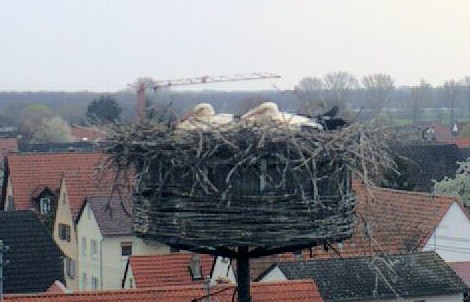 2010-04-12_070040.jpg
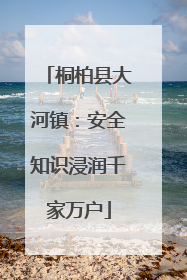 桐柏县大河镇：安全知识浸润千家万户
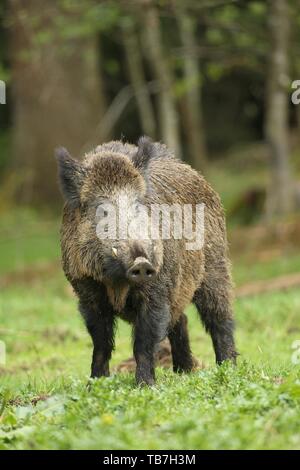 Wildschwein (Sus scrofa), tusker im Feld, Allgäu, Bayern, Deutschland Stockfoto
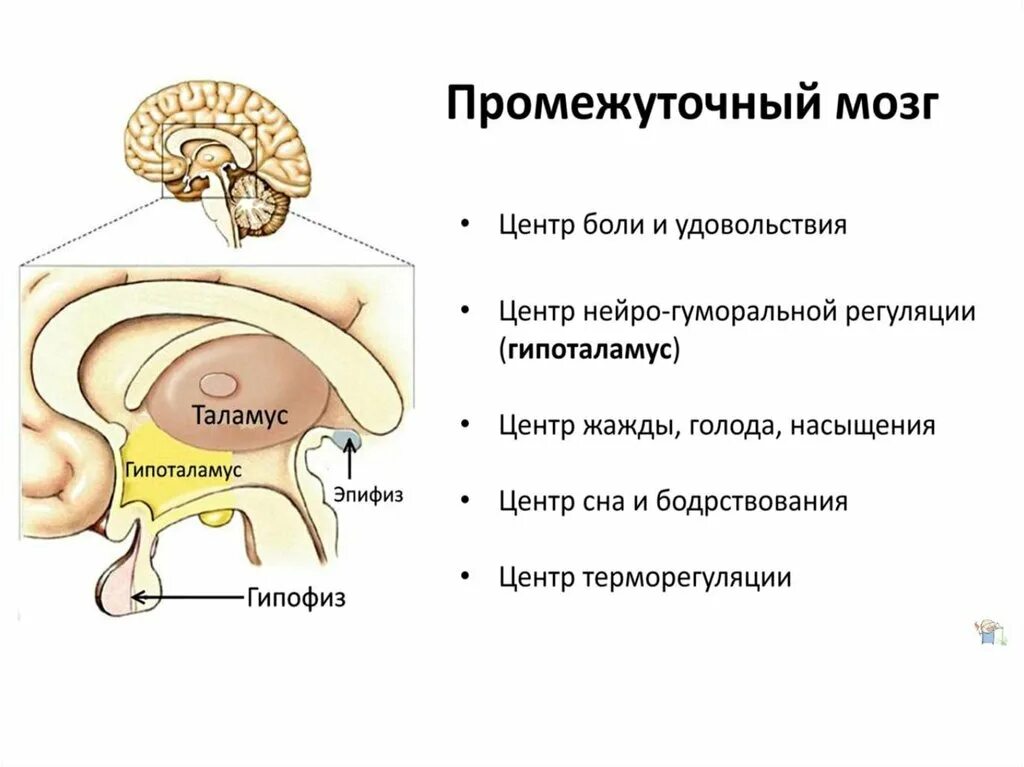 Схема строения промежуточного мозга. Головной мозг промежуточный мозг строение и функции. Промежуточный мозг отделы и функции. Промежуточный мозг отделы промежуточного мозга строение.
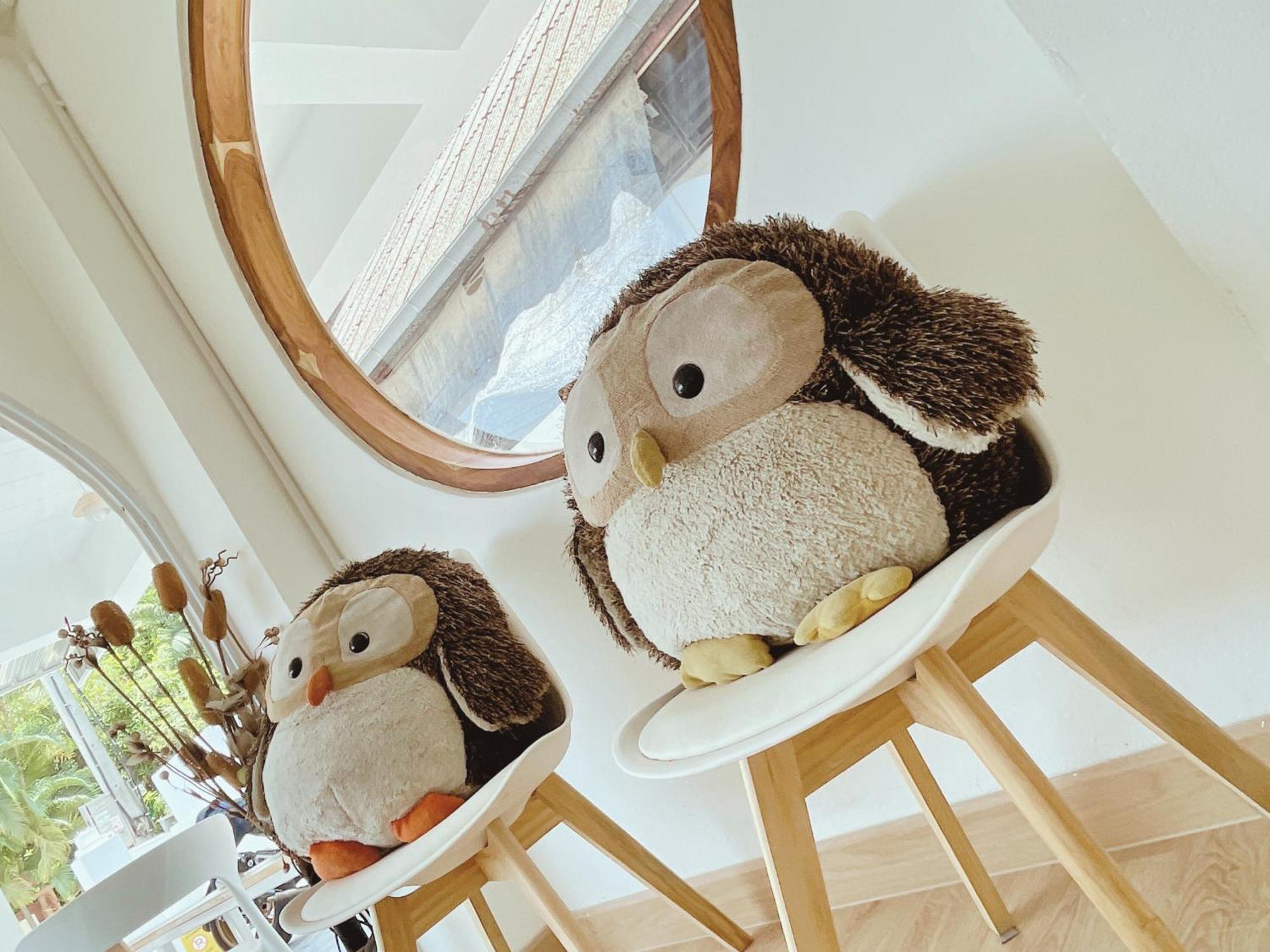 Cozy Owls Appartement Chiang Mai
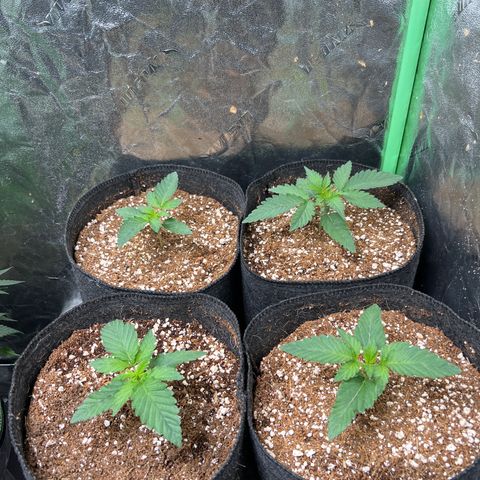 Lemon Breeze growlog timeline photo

·····

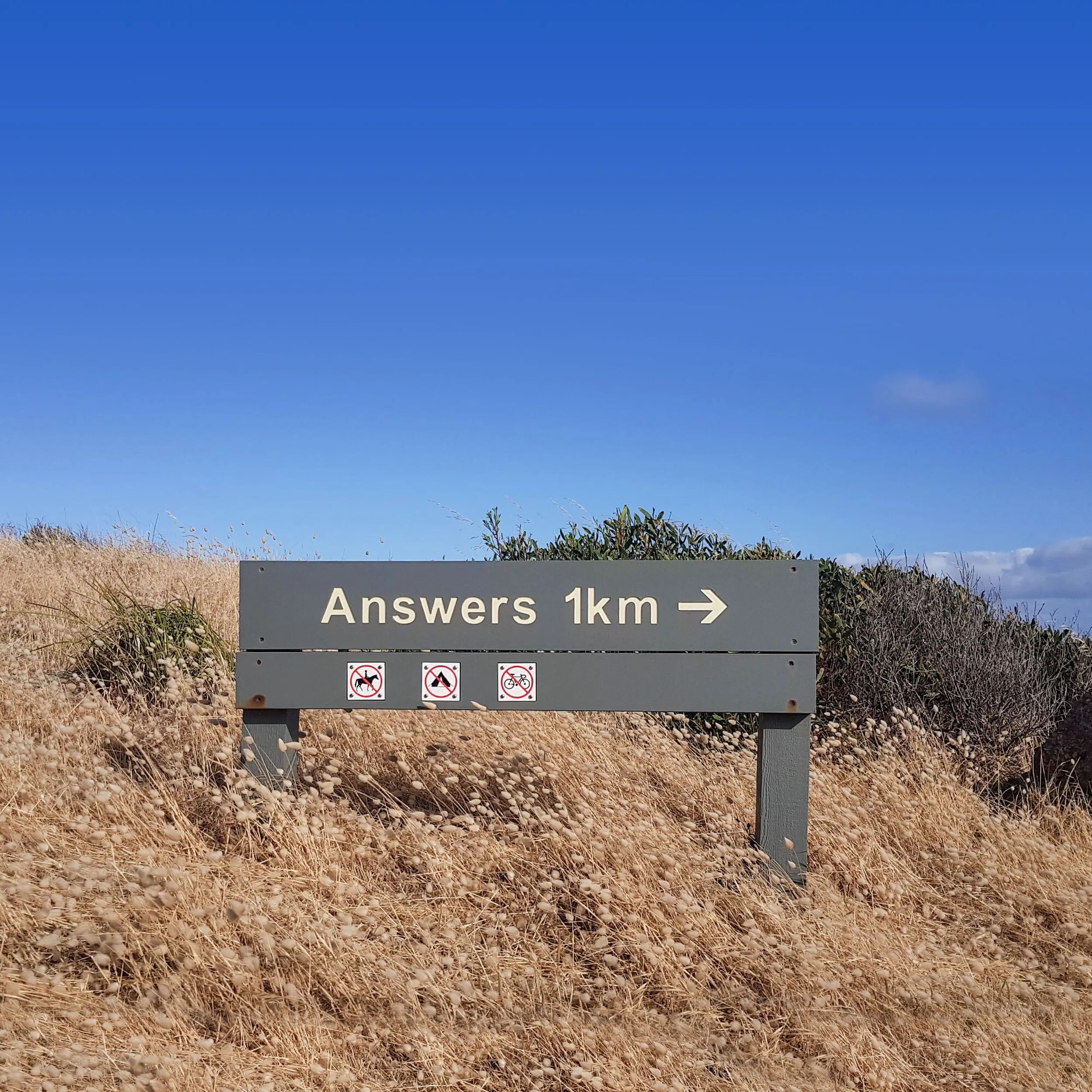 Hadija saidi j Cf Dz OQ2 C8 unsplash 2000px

·····

Task goal
Reproduce the data above exactly, but only the lines from the one showing "桐柏县大河镇：安全知识浸润千家万户" through the one showing "Lemon Breeze growlog timeline photo", with both ends kept and the pictures left out.

Expected output
 桐柏县大河镇：安全知识浸润千家万户
 Wildschwein (Sus scrofa), tusker im Feld, Allgäu, Bayern, Deutschland Stockfoto
 Схема строения промежуточного мозга. Головной мозг промежуточный мозг строение и функции. Промежуточный мозг отделы и функции. Промежуточный мозг отделы промежуточного мозга строение.
 Cozy Owls Appartement Chiang Mai
 Lemon Breeze growlog timeline photo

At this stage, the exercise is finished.